MATERIAL PROVIDED:
--- START ---
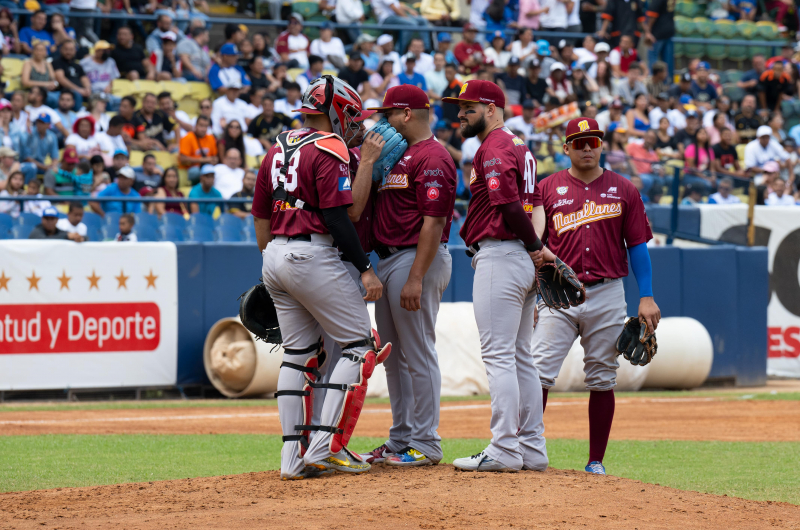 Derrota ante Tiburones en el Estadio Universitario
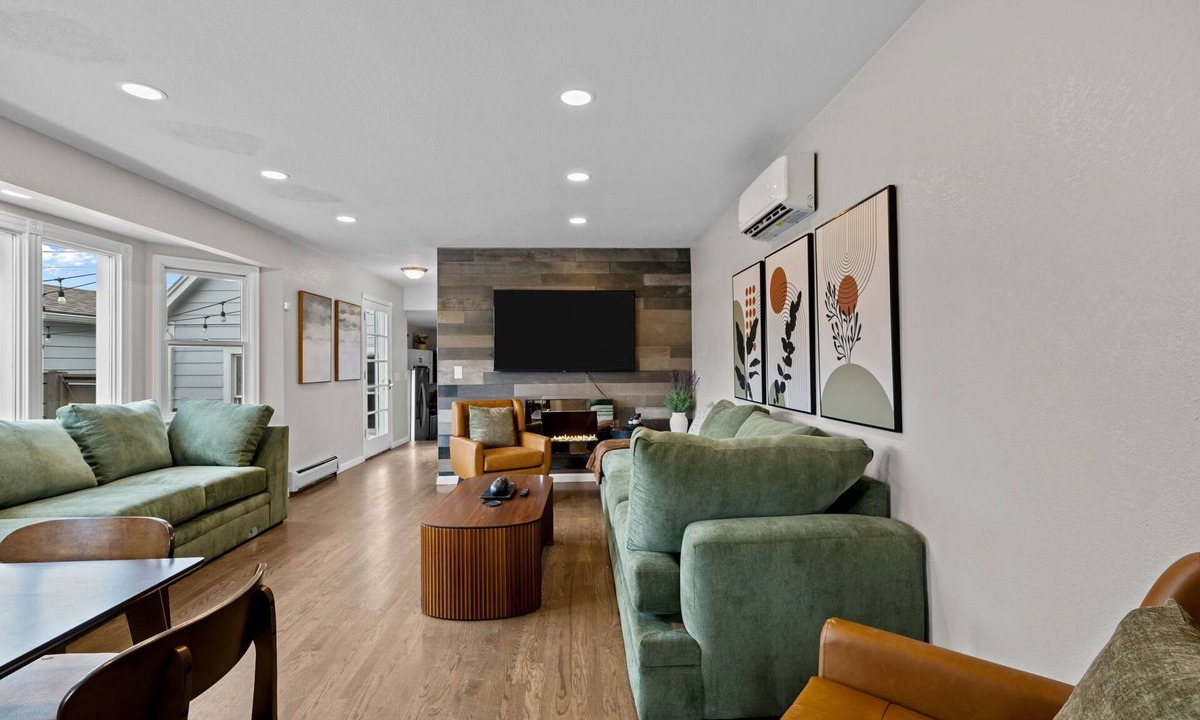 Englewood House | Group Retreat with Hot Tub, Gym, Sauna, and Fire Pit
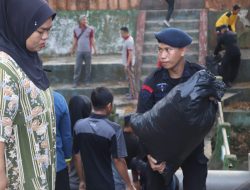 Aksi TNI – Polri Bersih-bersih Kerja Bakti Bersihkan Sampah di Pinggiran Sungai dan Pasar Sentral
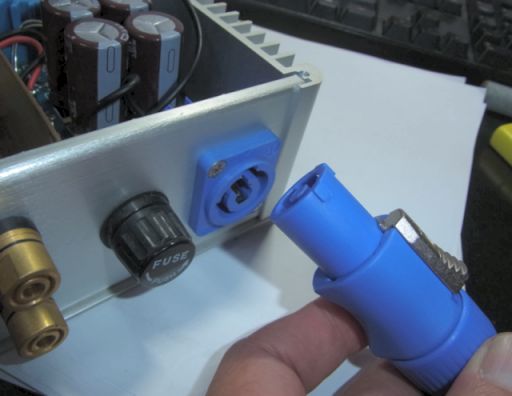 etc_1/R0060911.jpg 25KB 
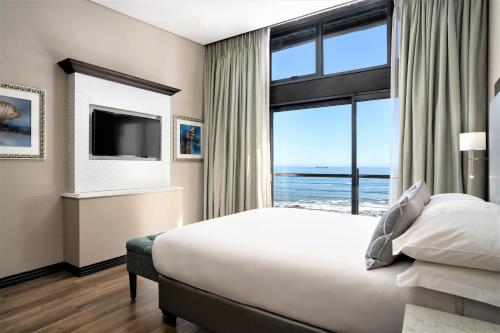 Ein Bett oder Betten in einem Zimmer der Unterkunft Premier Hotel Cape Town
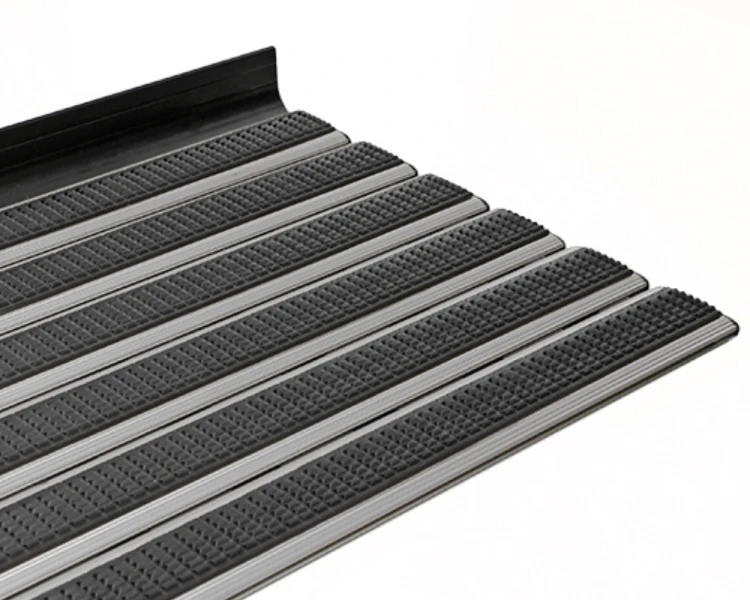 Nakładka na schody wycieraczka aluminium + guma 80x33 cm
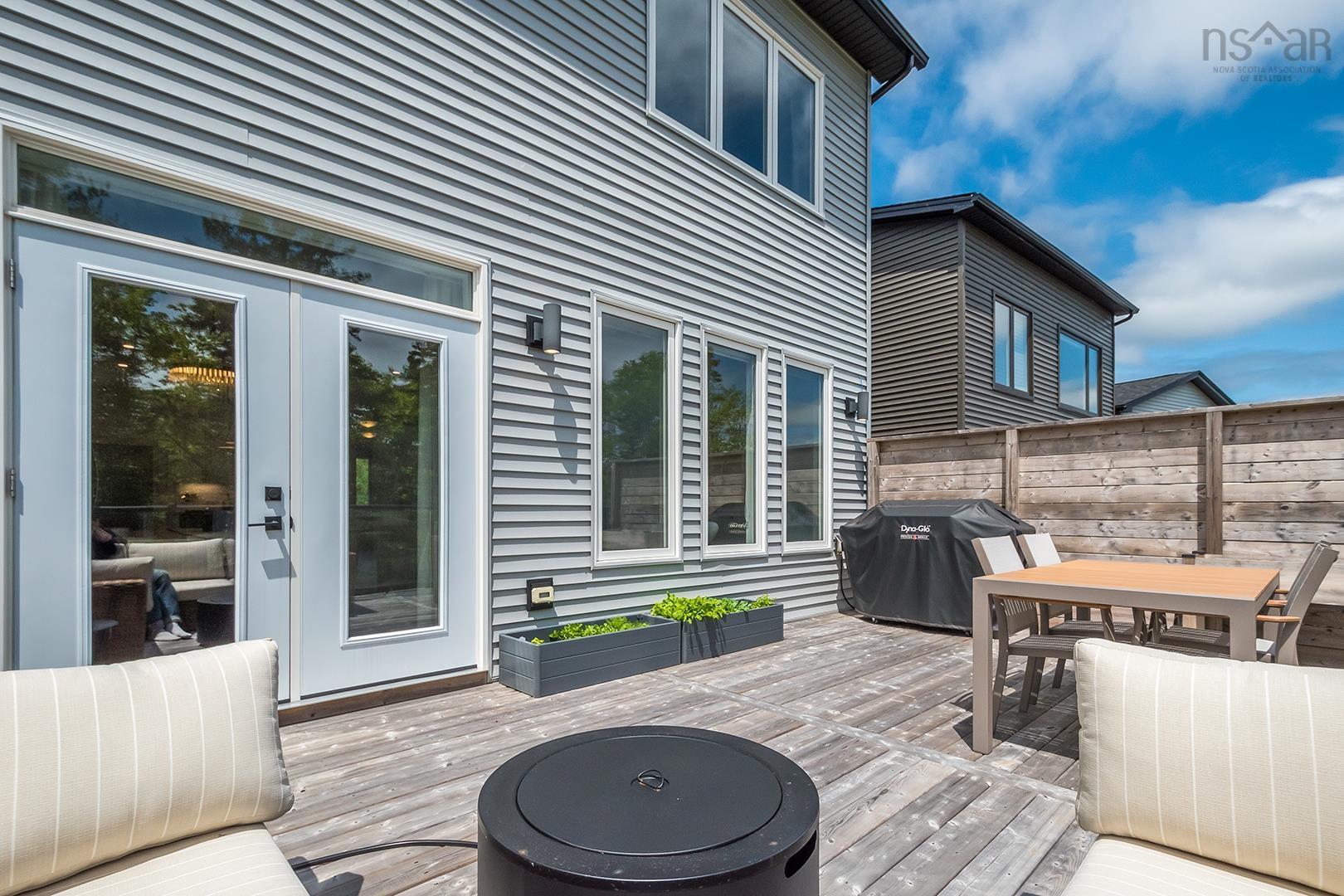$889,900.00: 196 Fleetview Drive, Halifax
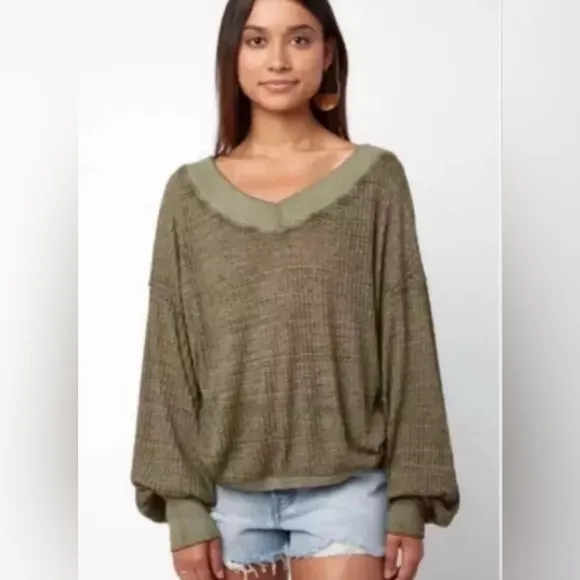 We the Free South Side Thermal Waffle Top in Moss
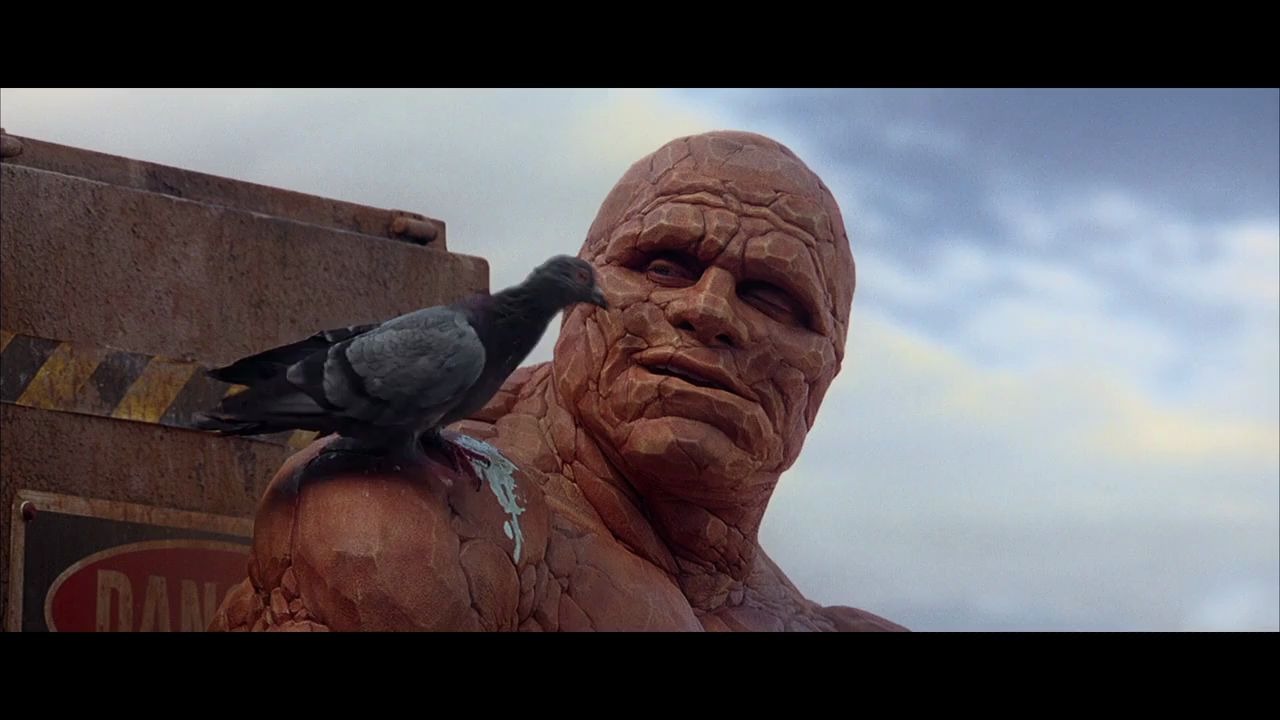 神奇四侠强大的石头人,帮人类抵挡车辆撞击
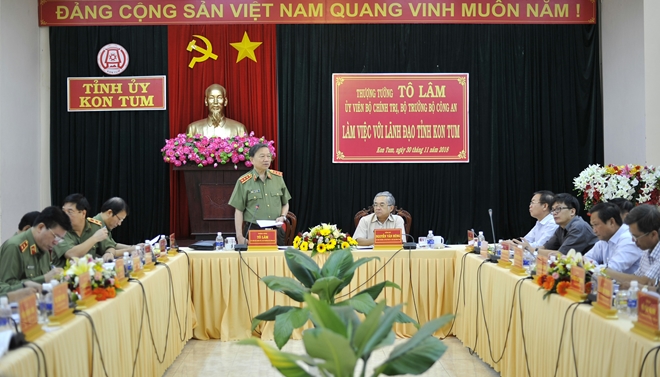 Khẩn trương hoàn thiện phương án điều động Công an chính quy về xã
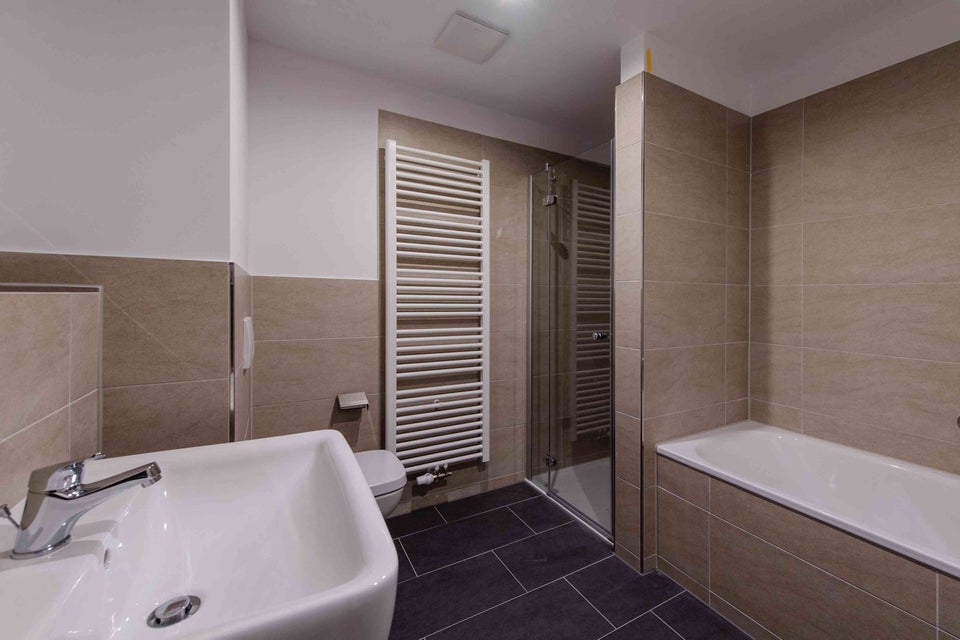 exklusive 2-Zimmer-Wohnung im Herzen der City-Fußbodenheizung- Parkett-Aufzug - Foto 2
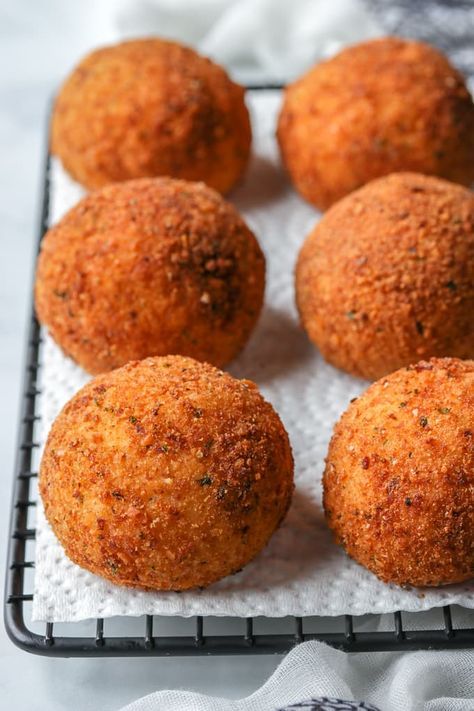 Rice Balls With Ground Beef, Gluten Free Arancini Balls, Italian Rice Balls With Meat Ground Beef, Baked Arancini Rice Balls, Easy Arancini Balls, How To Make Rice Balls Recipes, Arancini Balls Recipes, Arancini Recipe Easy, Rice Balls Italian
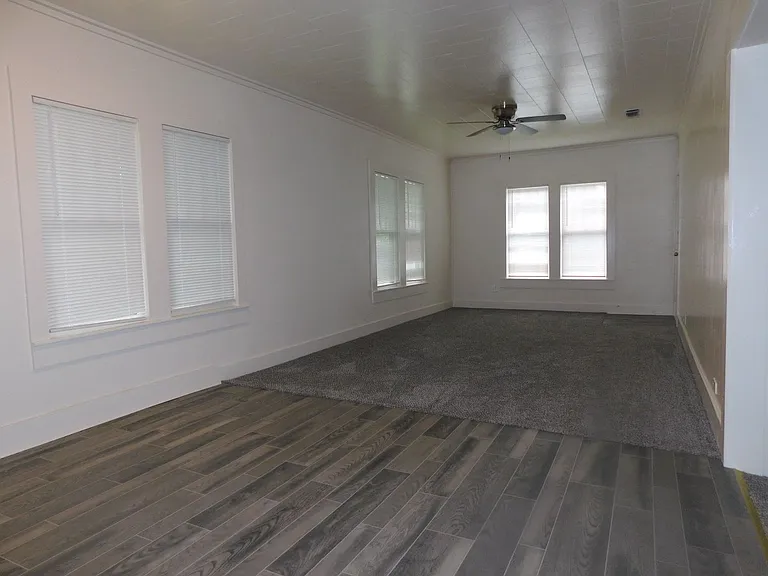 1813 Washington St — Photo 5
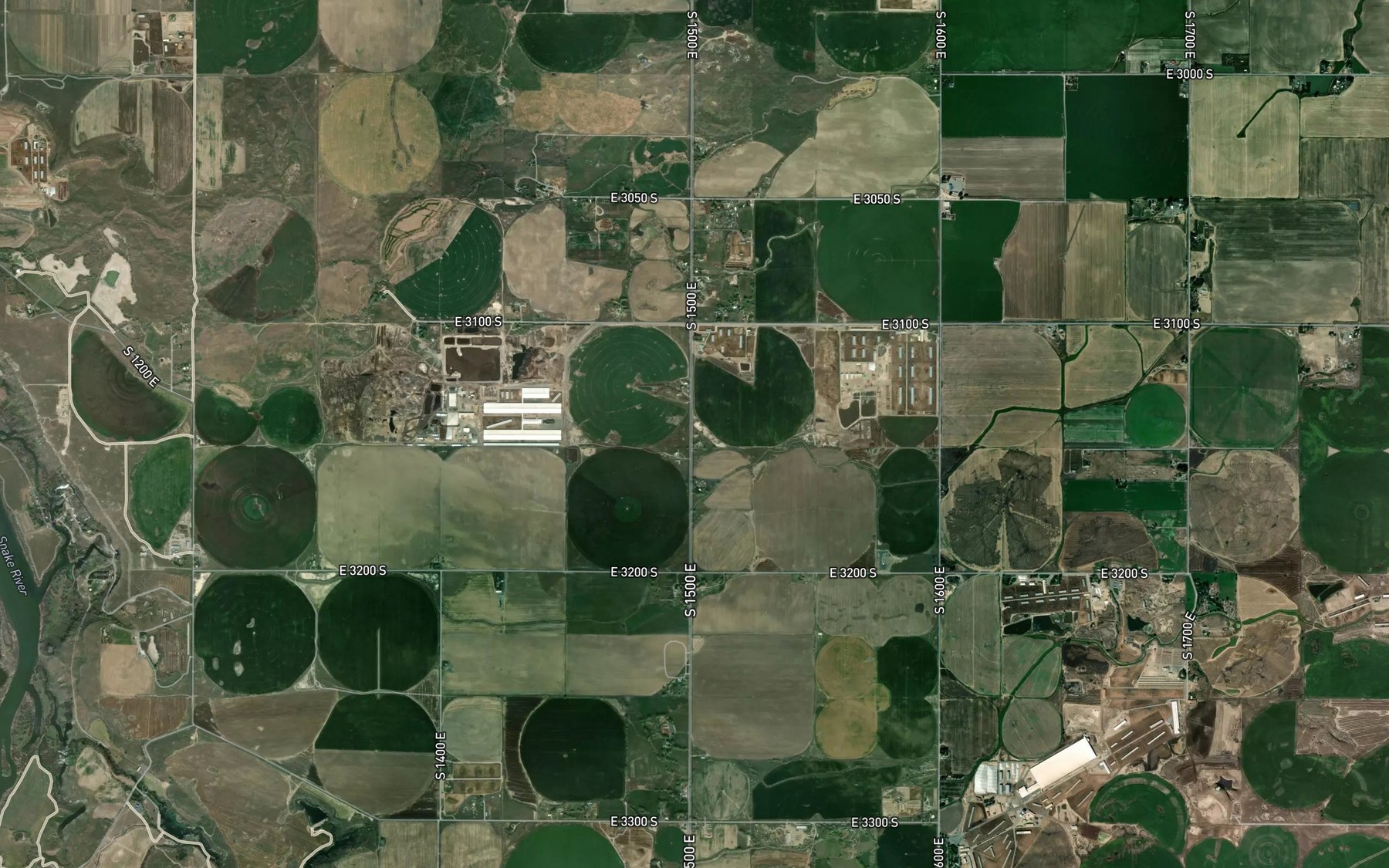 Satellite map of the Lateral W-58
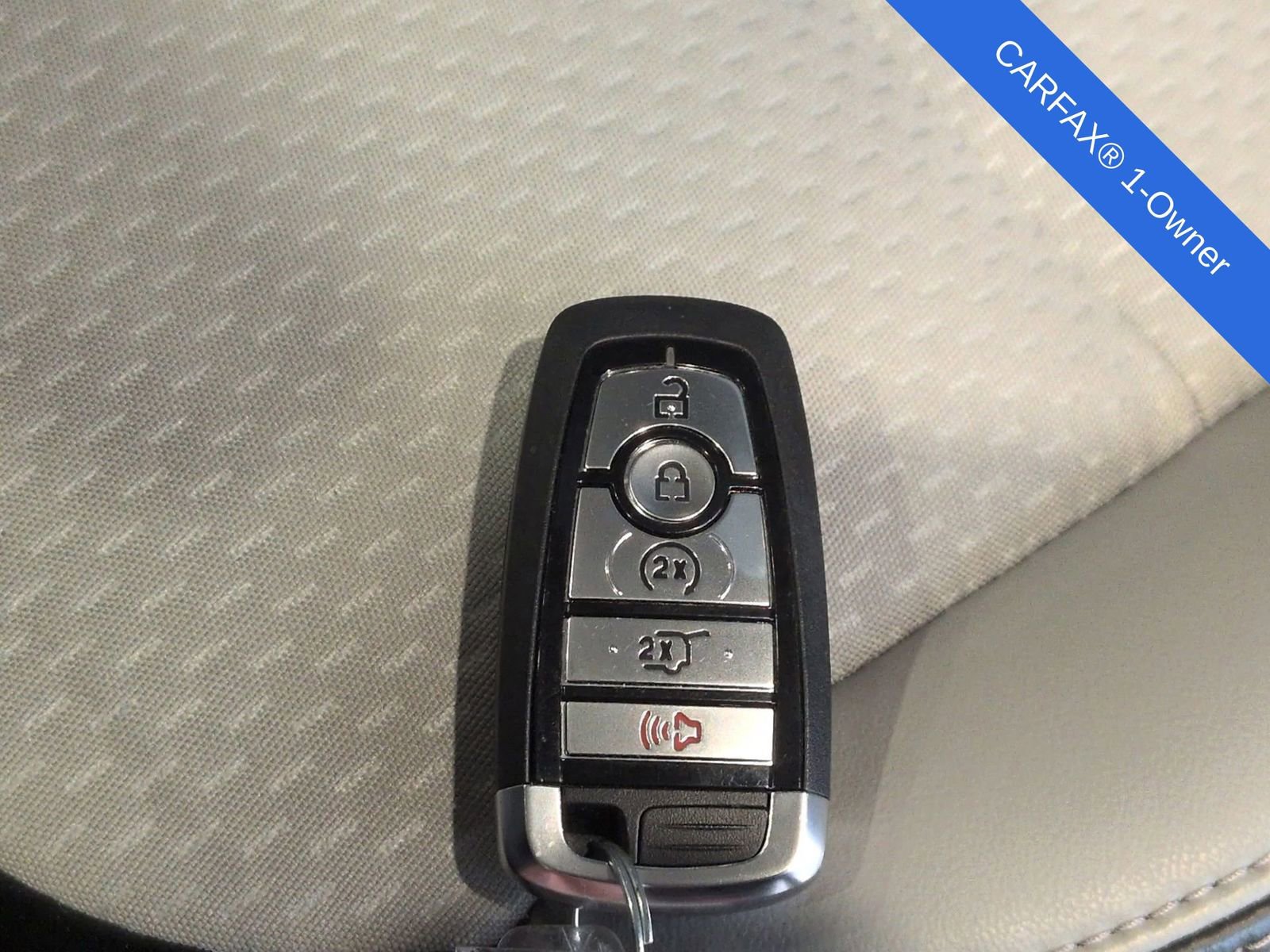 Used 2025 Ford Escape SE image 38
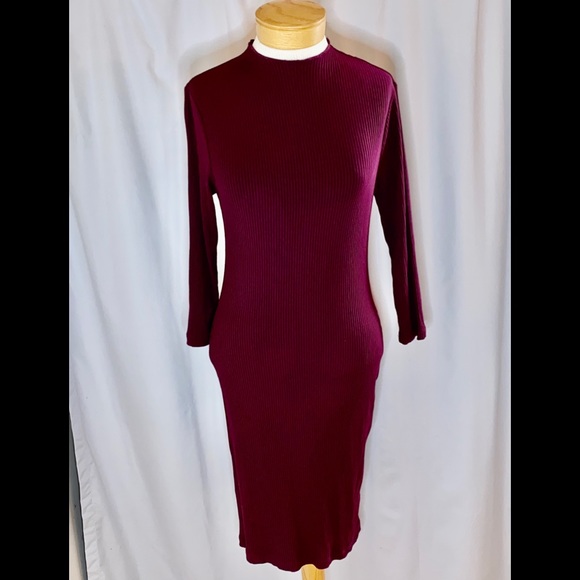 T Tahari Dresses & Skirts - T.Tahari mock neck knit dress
--- END ---
ABOUT THIS EXERCISE: Print the full listing above exactly. Pictures stay out of the copy.

ANSWER SECTION:
 Derrota ante Tiburones en el Estadio Universitario
 Englewood House | Group Retreat with Hot Tub, Gym, Sauna, and Fire Pit
 Aksi TNI – Polri Bersih-bersih Kerja Bakti Bersihkan Sampah di Pinggiran Sungai dan Pasar Sentral
 etc_1/R0060911.jpg 25KB 
 Ein Bett oder Betten in einem Zimmer der Unterkunft Premier Hotel Cape Town
 Nakładka na schody wycieraczka aluminium + guma 80x33 cm
$889,900.00: 196 Fleetview Drive, Halifax
 We the Free South Side Thermal Waffle Top in Moss
 神奇四侠强大的石头人,帮人类抵挡车辆撞击
 Khẩn trương hoàn thiện phương án điều động Công an chính quy về xã
 exklusive 2-Zimmer-Wohnung im Herzen der City-Fußbodenheizung- Parkett-Aufzug - Foto 2
 Rice Balls With Ground Beef, Gluten Free Arancini Balls, Italian Rice Balls With Meat Ground Beef, Baked Arancini Rice Balls, Easy Arancini Balls, How To Make Rice Balls Recipes, Arancini Balls Recipes, Arancini Recipe Easy, Rice Balls Italian
 1813 Washington St — Photo 5
 Satellite map of the Lateral W-58
 Used 2025 Ford Escape SE image 38
 T Tahari Dresses & Skirts - T.Tahari mock neck knit dress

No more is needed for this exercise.